Décret n° 2018-919 du 26 octobre 2018 relatif à l’expérimentation d’un dispositif de médiation en cas de différend entre les entreprises et les administrations

Cette expérimentation, prévue par la loi n° 2018-727 du 10 août 2018 pour un État au service d’une société de confiance ((Article 36 de la loi.)) porte sur un dispositif de médiation de règlement des différends entre, d’une part, les entreprises et, d’autre part, les administrations, les établissements publics de l’État, les collectivités territoriales et les organismes de sécurité sociale.

Le décret ici commenté est ainsi venu déterminer les modalités de mise en œuvre de l’expérimentation et étendre le rôle du médiateur des entreprises « qui pourra être saisi tant par les entreprises que par les administrations de litiges de toute nature pouvant les opposer ».

Cette expérimentation est mise en place pour une durée de 3 trois ans dans quatre régions ((Article 1er du décret.)) :

  • Centre-Val de Loire ;
  • Grand Est ;
  • Normandie ; et
  • Provence-Alpes-Côte d’Azur.

Le décret limite cette expérimentation à trois secteurs économiques      ((Article 1er du décret.)) : la « construction », l’« industrie manufacturière » et l’« information/communication ».

Si l’article 2 du décret renvoie aux dispositions du CJA ((Dispositions générales relatives à la médiation (Section première du chapitre III du titre Ier du livre II du CJA) et dispositions de l’article L. 213-6 CJA.)) pour les conditions d’exercice de cette médiation, l’article 3 décrit les modalités de saisine du médiateur des entreprises :

  • La saisine doit lui être adressée via un formulaire disponible sur son site internet ;
  • Elle doit comporter « l’identité et l’adresse» du demandeur, « l’administration et, le cas échéant, le service compétent au sein de celle-ci, ou l’entreprise avec laquelle cette personne a un différend », l’objet du différend bien naturellement et un engagement de confidentialité ;
  • Le demandeur doit accompagner sa demande de « tout élément utile à la résolution du différend».

L’article 4 du décret précise pour sa part le rôle du médiateur dans l’examen de la demande :

« Sauf lorsque la demande de médiation lui paraît manifestement infondée ou inappropriée, le médiateur des entreprises informe par tout moyen l’autre partie de cette demande et sollicite sa participation à la médiation.

En l’absence de réponse de cette partie dans un délai de deux mois suivant son information, la demande de médiation est réputée refusée ».

D’abord, le médiateur examine la demande et peut écarter celles qui lui paraissent « manifestement infondée[s] ou inappropriée[s] ». Ensuite, et pour les autres demandes, il doit alors informer la partie « mise en cause » par le demandeur pour l’inviter à participer à la médiation, cette dernière ayant deux mois pour répondre à cette invitation.
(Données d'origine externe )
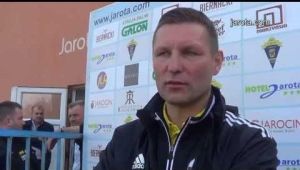 Niciński: Życzę Arce finału na Narodowym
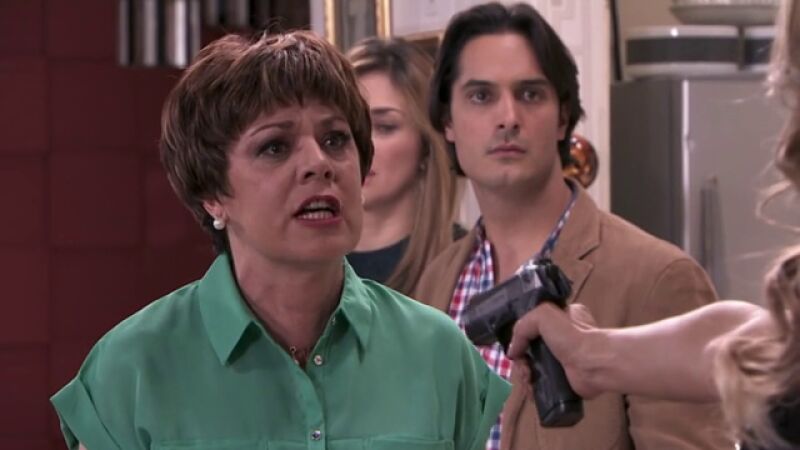 Fernanda pide perdón en su lecho de muerte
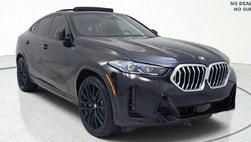 2026 BMW X6 xDrive40i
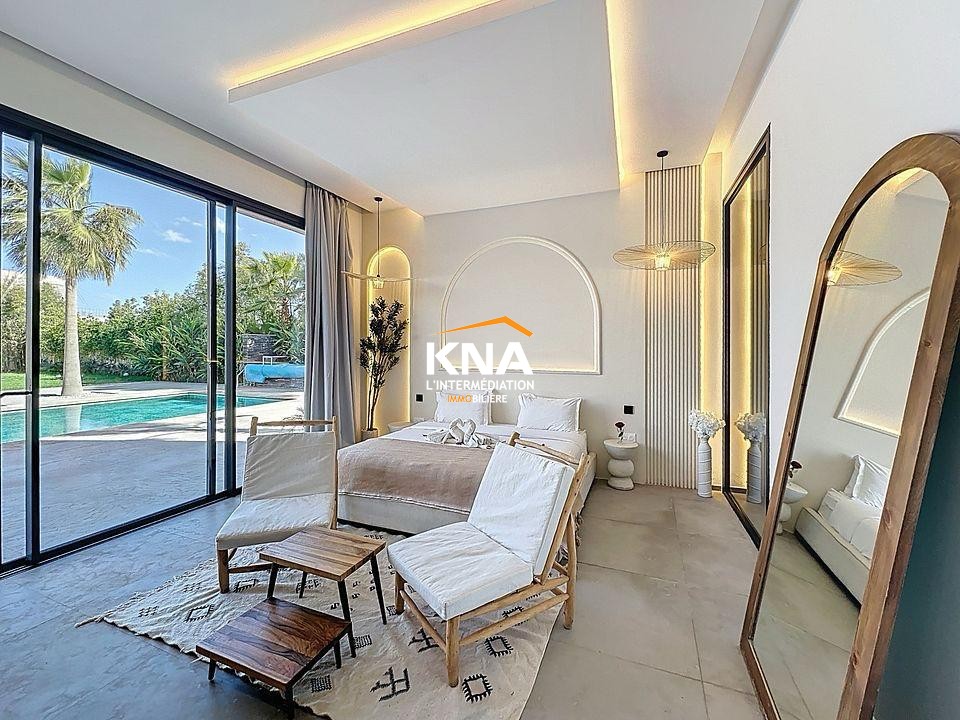 Villa, Route de l'Ourika Marrakech Maroc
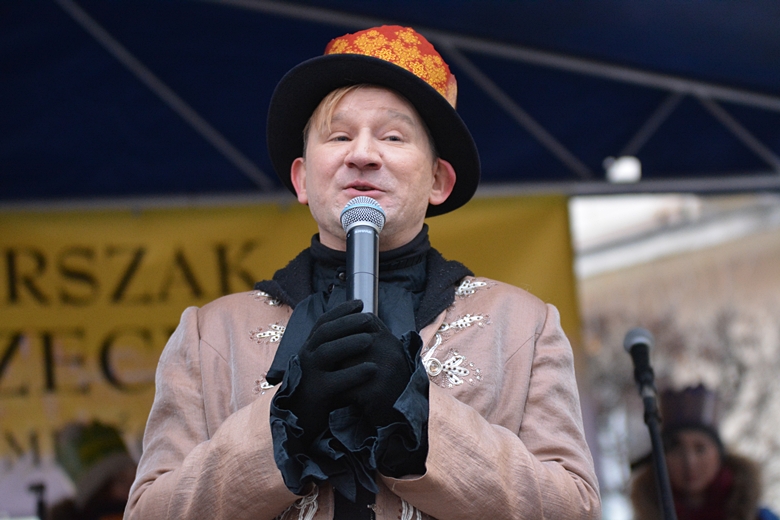 Orszak Trzech Króli w Środzie Śląskiej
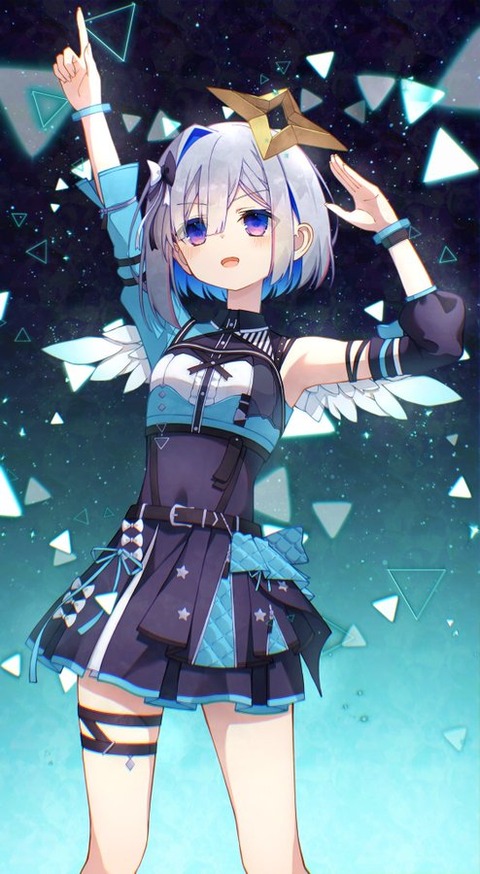 天音かなたちゃんの服をダサいいじりしたまつりとラプラスを許さないぞ！！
Au-delà de ce délai, elle est réputée refuser la médiation.

Le médiateur devra adresser un rapport d’évaluation au Parlement dans les six mois qui précèdent la fin de l’expérimentation.

Cette expérimentation s’inscrit ainsi dans la tendance actuelle du développement de la médiation dans le but de désengorger les juridictions et de proposer des solutions « rapides » aux opérateurs économiques dans le traitement des litiges.